Gece ve Adam



Bir rüyanın kıyısında bekleyen bir adamın hikâyesi bu. Ona ait olmayan rüyaların içinde kaybolmuş, döngüsü kırılmış bir dünyada, kahkahalarla dolu bir sahneye sırtını dönmüş biri… Cesurca özlemiş, hesapsızca yanmış, hatıraların ağırlığını omuzlarında taşımış.


Gece, onun sırdaşıydı. Gökyüzüne çizdiği sessiz harfler, yıldızlara anlatılan hikâyeler gibi savrulurdu karanlıkta. Bazı geceler içinden geçen fısıltılar bir rüzgâra dönüşür, bazen de yalnızca bir sükût olup düşerdi dudağından. Kaybolmuş bir rüyanın izinde yürürken, aklının kıyısında tutmaya çalıştığı tek şey onun hatırasıydı.


Bir parça aklında, çok parça içinde… İşte en çok da bu yüzden gecelere dargındı. Çünkü gece, içindekileri susturmazdı; aksine daha çok konuştururdu.
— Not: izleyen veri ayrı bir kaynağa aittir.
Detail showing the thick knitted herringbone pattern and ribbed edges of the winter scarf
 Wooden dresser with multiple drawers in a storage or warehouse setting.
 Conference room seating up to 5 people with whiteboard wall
Gözlerini kapattığında bile kaçamadığı bir yüz, her kapattığında biraz daha silinmesi gerekirken daha da belirginleşen bir siluet… İçine kazınmış bir hikâyenin en derin satırlarını, unutmamak için ezberlemişti adeta.


Kahkahalar, mutlu insanların dünyasına aitti. Oysa o, acıyan dünyanın çocuğuydu. Zamanın tersine döndüğü bir yerde duruyordu, ilerlemek ya da geriye gitmek mümkün değildi. Özlemek, bazen en büyük cesaretti. Çünkü özlemek, var olmayan bir şeyin eksikliğini hissetmekti.


Gözlerini uzaklara dikti. Gece ilerledikçe şehir daha da sessizleşiyor, sokak lambalarının solgun ışığı gölgeleri daha da uzatıyordu. Gölgesinin içinde bir hayal saklıydı. Yüzünü hatırlamak istemediği ama unutmaktan da korktuğu bir hayal…


Bazı insanlar yaşarken unutulur, bazılarıysa anıların içine hapsolur. O, ikinci gruptandı. Unutamayanlardan, hatıraların içinde yaşayanlardan… Hatırladıkça acıyan, acıdıkça daha çok hatırlayanlardan. Bir parça aklında, çok parça içinde taşıdığı biri vardı.


Gecenin içinde yürüdü. Sanki gökyüzü onun hüznüne ortak olmuştu. Şehir uykudayken, onun içinde fırtınalar kopuyordu. Her adımda geçmişin bir başka kapısı açılıyor, o kapıların ardında yankılanan sesler kulaklarına çarpıyordu.


“Merhaba gecem,” diye fısıldadı.


Sanki gece onu duyacakmış gibi. Sanki yıldızlar bir cevap verecekmiş gibi. Ama hiçbir yanıt gelmedi. Sadece rüzgâr, bir hatıra gibi yüzüne dokundu.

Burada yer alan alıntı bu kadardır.